_WHAT TO WORK ON_:
Restate the listing below line for line and word for word, without the pictures.

-- DATA EXTRACT follows --

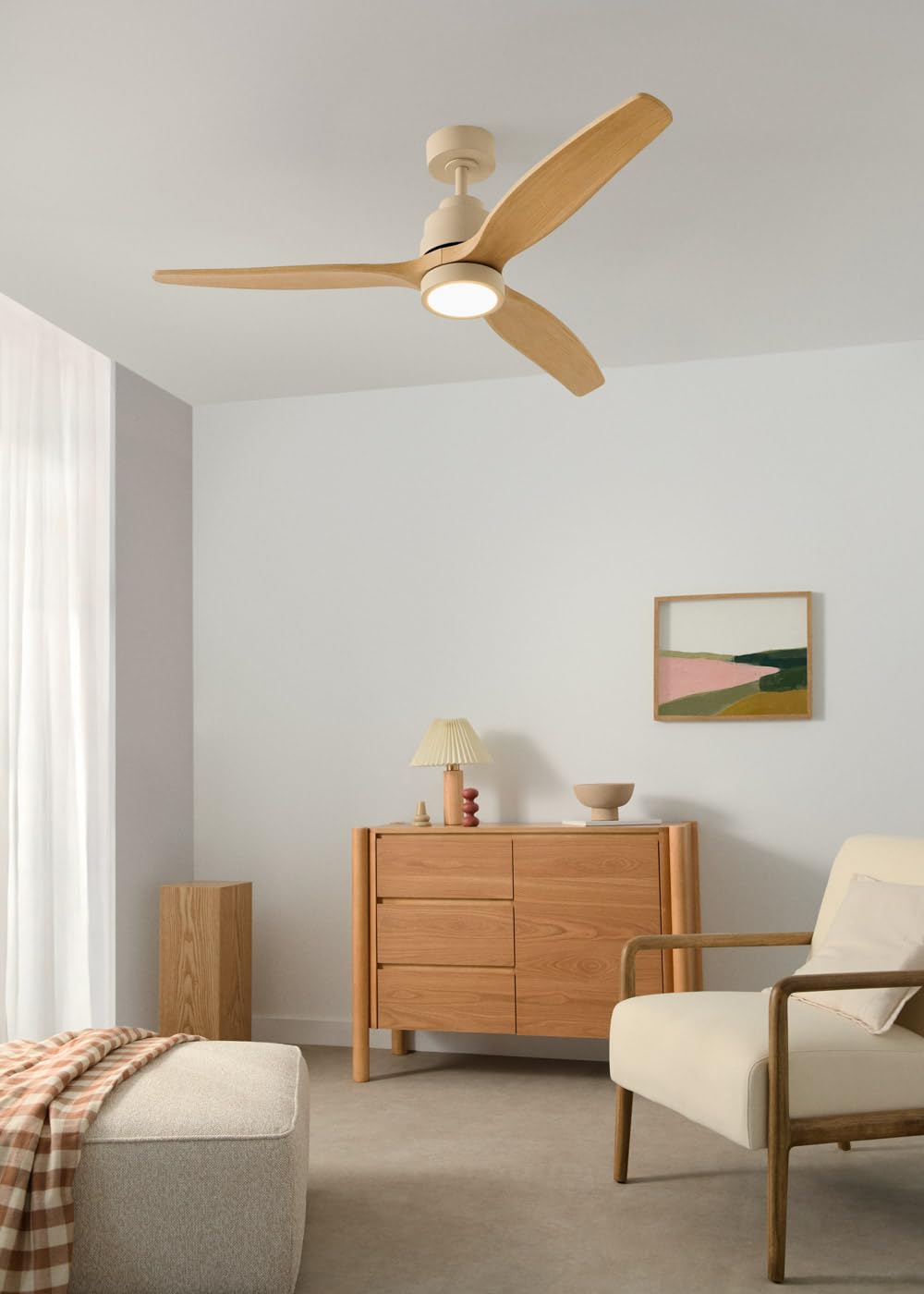 CREATE / WINDSTYLANCE M/Ventilatore da soffitto ABS con luce sabbia pale effetto legno naturale con telecomando/ 40W, Silenzioso, Ø132 cm, 6 velocità, estate-inverno, doppia altezza, motore DC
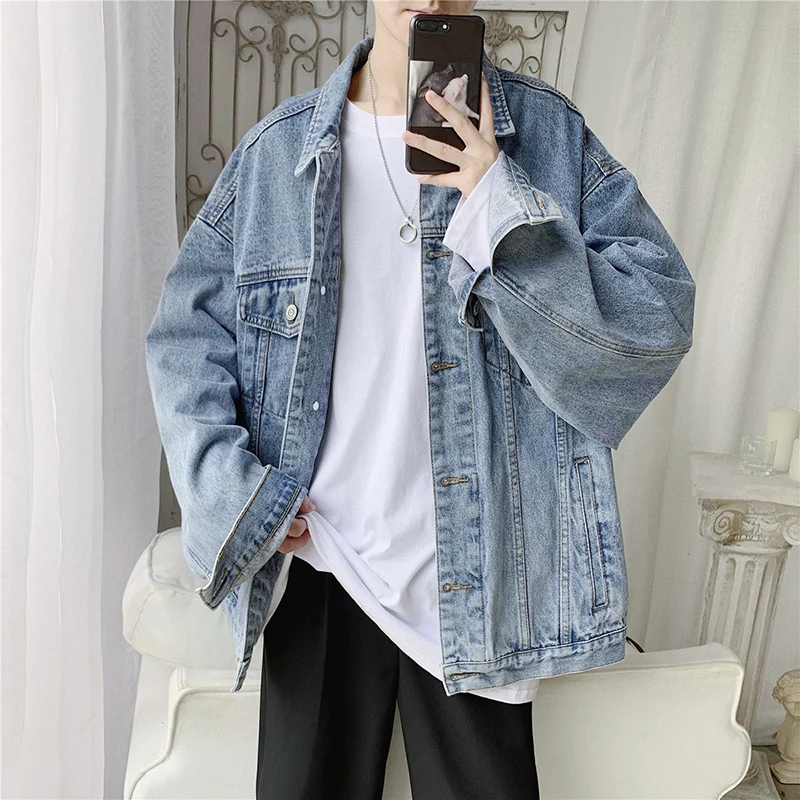 

New lapel loose men's loose jacket Korean denim jacketNew lapel fashion men's loose jacket Korean denim jacket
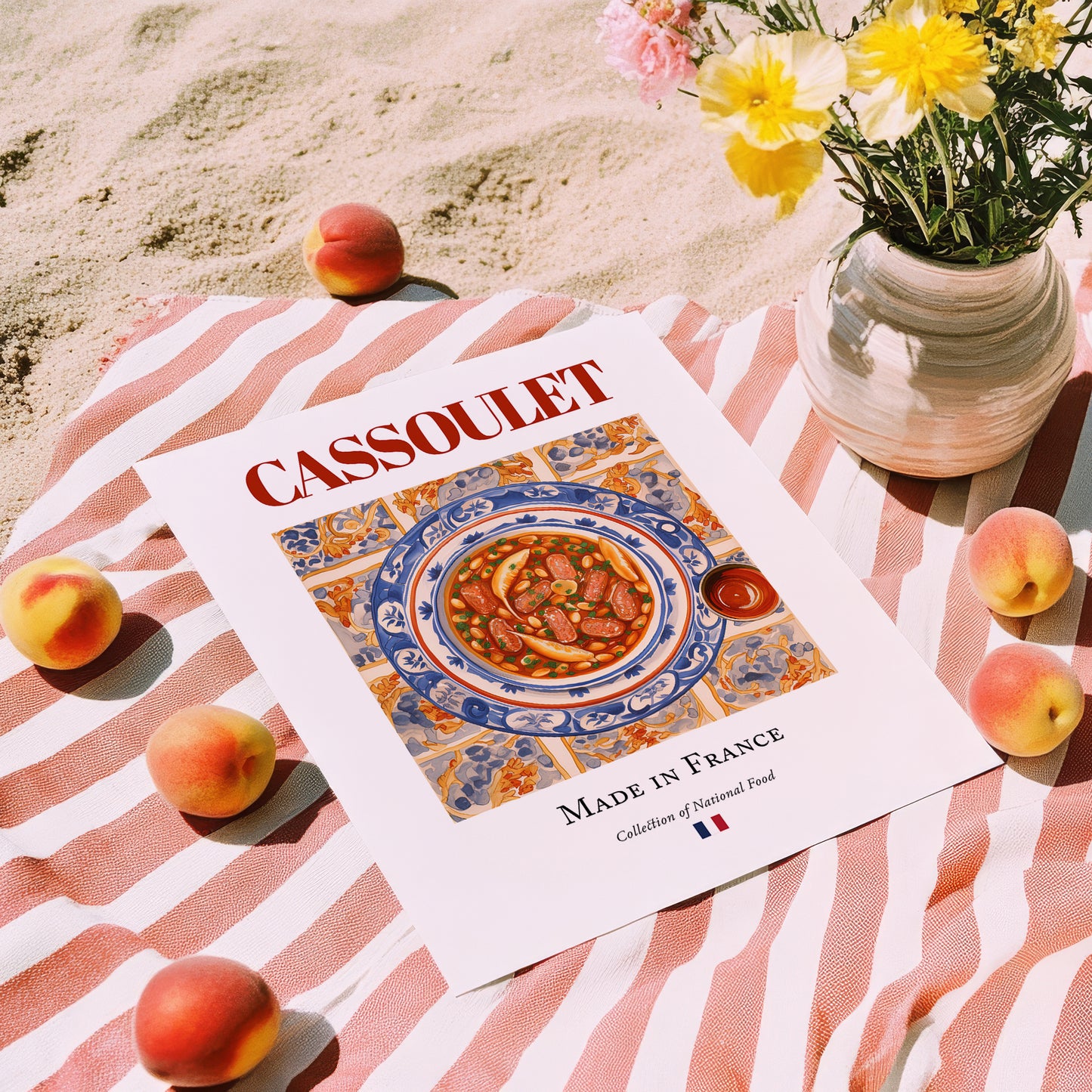 Cassoulet – French Stew Dish, Restaurant Print, unframed on coastal sand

-- DATA EXTRACT concluded --

_THE COMPLETED TASK_:
 CREATE / WINDSTYLANCE M/Ventilatore da soffitto ABS con luce sabbia pale effetto legno naturale con telecomando/ 40W, Silenzioso, Ø132 cm, 6 velocità, estate-inverno, doppia altezza, motore DC

New lapel loose men's loose jacket Korean denim jacketNew lapel fashion men's loose jacket Korean denim jacket
 Cassoulet – French Stew Dish, Restaurant Print, unframed on coastal sand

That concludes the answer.